Montevideo

We arrived with the sun at Montevideo, the capital of Uruguay, a formerly begrudged buffer zone between the two giants of South America, Argentina and Brazil. After a brief tour of Montevideo it was off to the Pampas, the Southern Hemisphere grassland, and the heart of Uruguay. Our destination, La Estancia Rábida, would stun anyone with its beauty and diversity: streams and ponds, forests and pastures, sprinkled with cattle and sheep, and above, chimango caracara soaring between us and distant white streaks, brush strokes of high cirrus clouds across a warm blue sky.

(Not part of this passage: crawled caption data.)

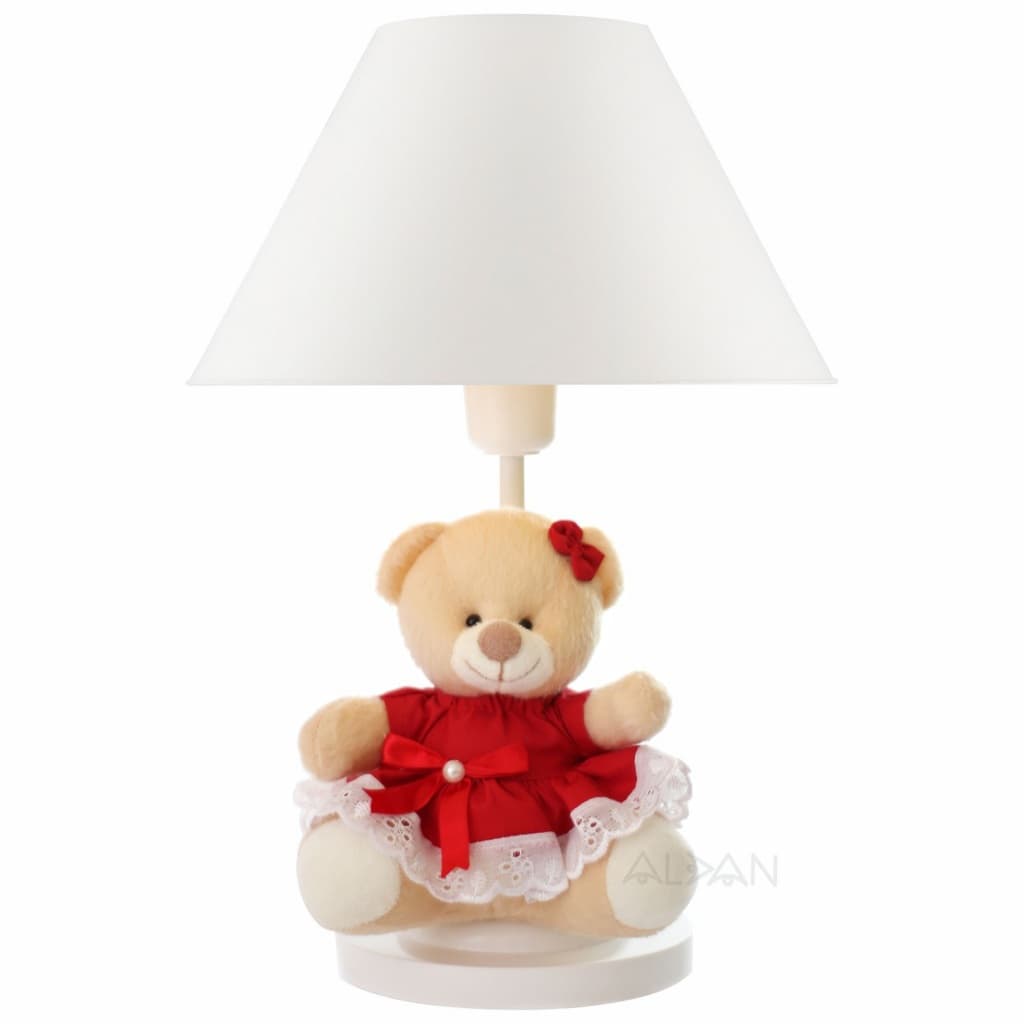 Abajur Infantil Quarto Bebê Menina Luminária Ursinha Ted Red + Lâmpada De Brinde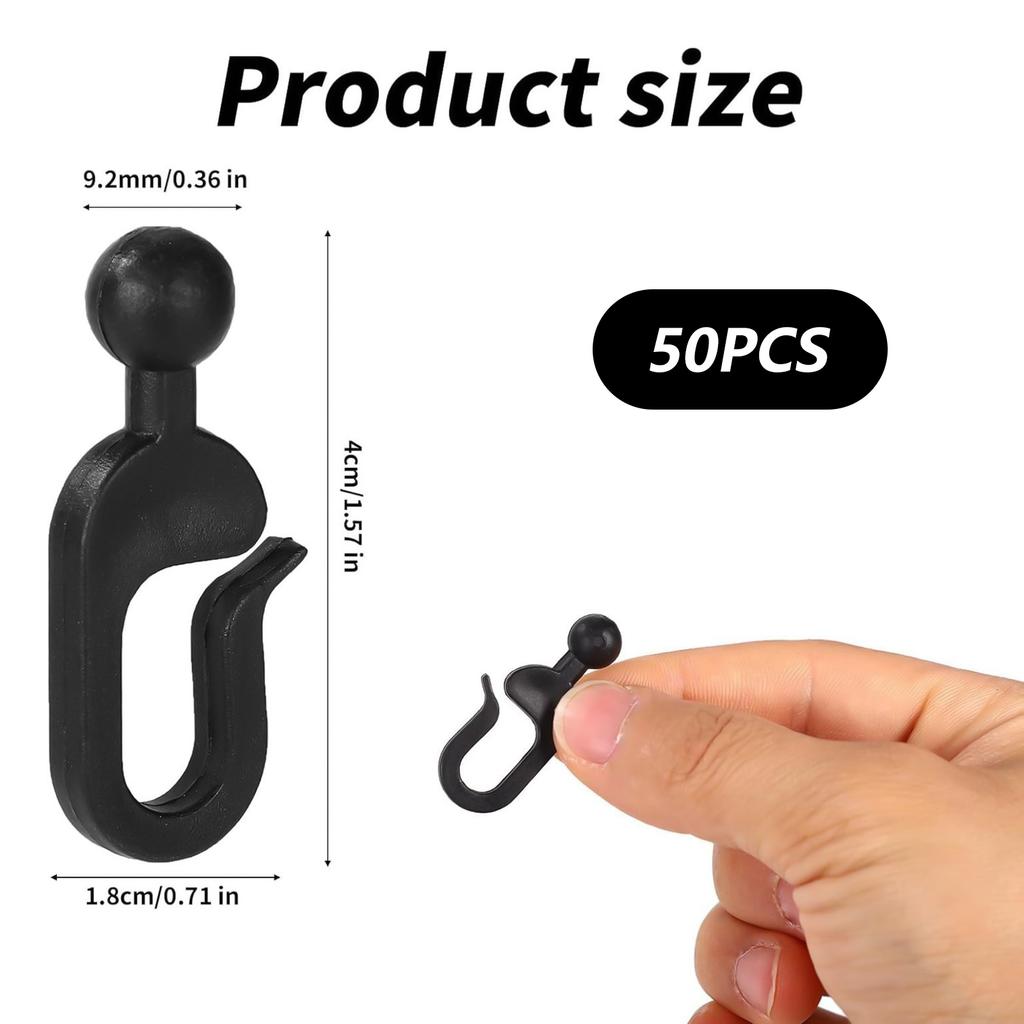 50-100pcs Plastic Curtain Hooks For Gazebo Curtains Invisible Curtain Track Hook Sunshade Awning Net Accessories 12Pcs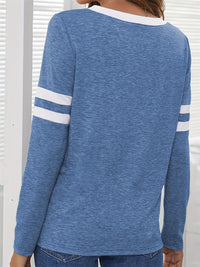 Hazel Blues® |  Heathered V-Neck Long Sleeve T-Shirt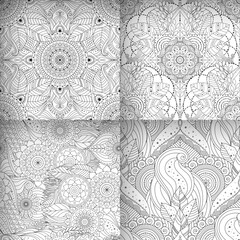 Ethnic seamless patterns set with floral details in black and white colors. Natural motifs and abstract ornaments depicting flowers, leaves, mandalas, oriental, asian, indian designs.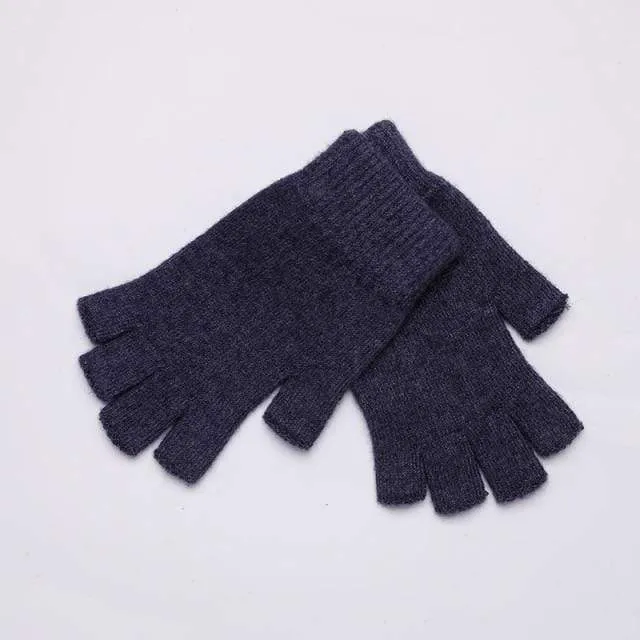 Sparsil Damen Herren Halbfinger Kaschmirhandschuh Kurz Wollgestrickt Handgelenk Fäustling Winter Warm Unisex Wolle Stretch Fingerlose Handschuhe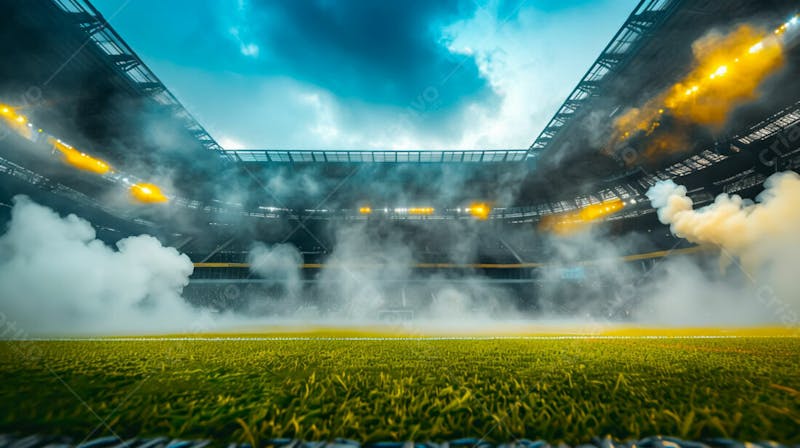 Estádio de futebol modernizado cheio de fumaça e iluminado por luzes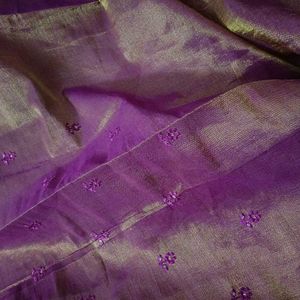 Elegant Purple Embroidered Saree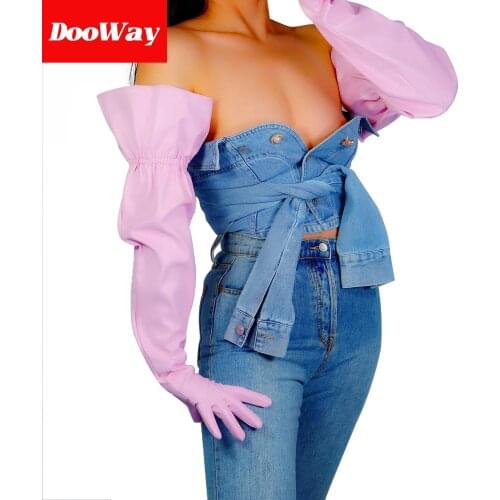 DooWay Super Long Women Gloves Faux Leather Elastic Cuff Oversize Large Sleeve 28inches Pink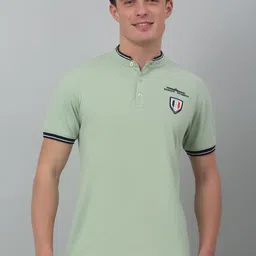 Cantabil Mandarin Collar Half Sleeves Cotton T-Shirt-picture-16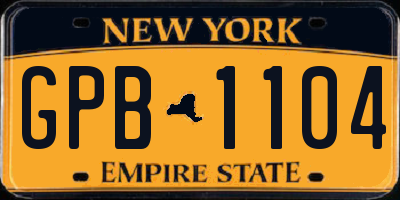 NY license plate GPB1104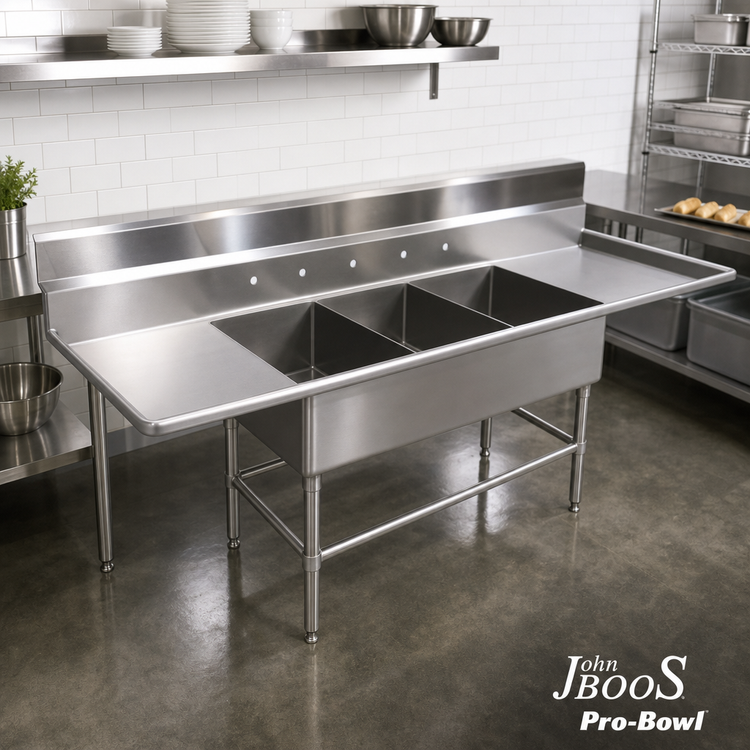 Product image #2 for John Boos Pro-Bowl 3-Compartment Sink with Dual 24-Inch Drainboards, 24 x 24 x 14-Inch Bowls
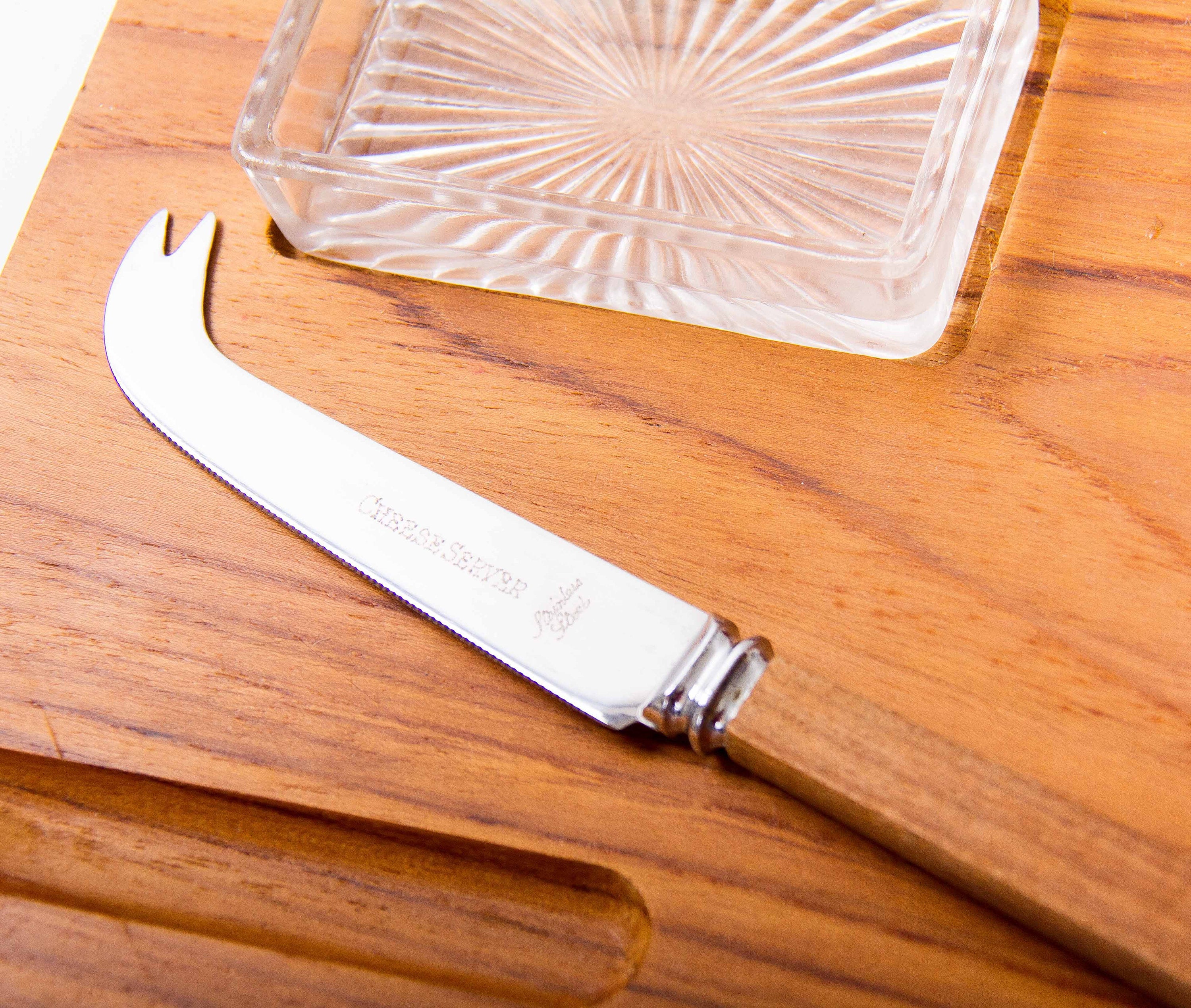 Mid Century wooden vintage cheese board set with glass butter dish & knife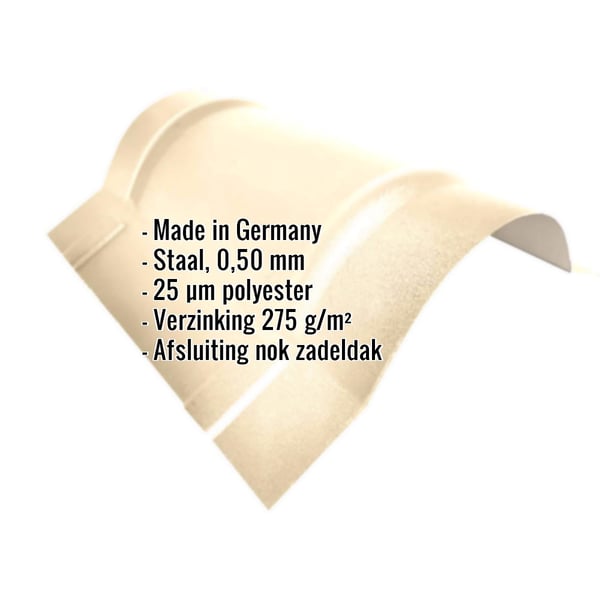 Nokvorst halfrond klein, Licht Ivoor (RAL 1015) met ingebedde productgegevens over materiaal en coating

At the center of the Estancia we were greeted by our hosts, and observed the legendary gauchos and a squadron of cooks capering about a huge iron grill. La Rábida is a working ranch with over a thousand head of dairy cattle on three-and-a-half thousand acres, a medium-small estancia for Uruguay. For us, it made for a full and active day with horses and riding, wagons with soft seats of hay, hiking, birding, cow milking, sheep shearing, and some energetic dancing by the gauchos and gauchitas. All of this contributed to particularly impressive appetites remedied by an equally impressive barbecue pictured here with the gauchos taking a well deserved break and a bit of maté in the background. As for the insert, not only does it depict one of our number on horseback, as many chose to explore the Estancia, but also the "tree" behind the rider is the only native tree of the Pampas, the Ombú. Every other tree here, the hundreds upon hundreds, had been planted! The Ombú, by the way, is not really a tree but more of an oversized, no, make that a gigantic shrub related to the pokeweed, a much smaller plant known to many in the southern United States as the source of poke salad.

And for a finale? A painted sky with more shades and hues of red, orange, and blue then I ever remember seeing as the Caledonian Star entered the night and set course for tomorrow.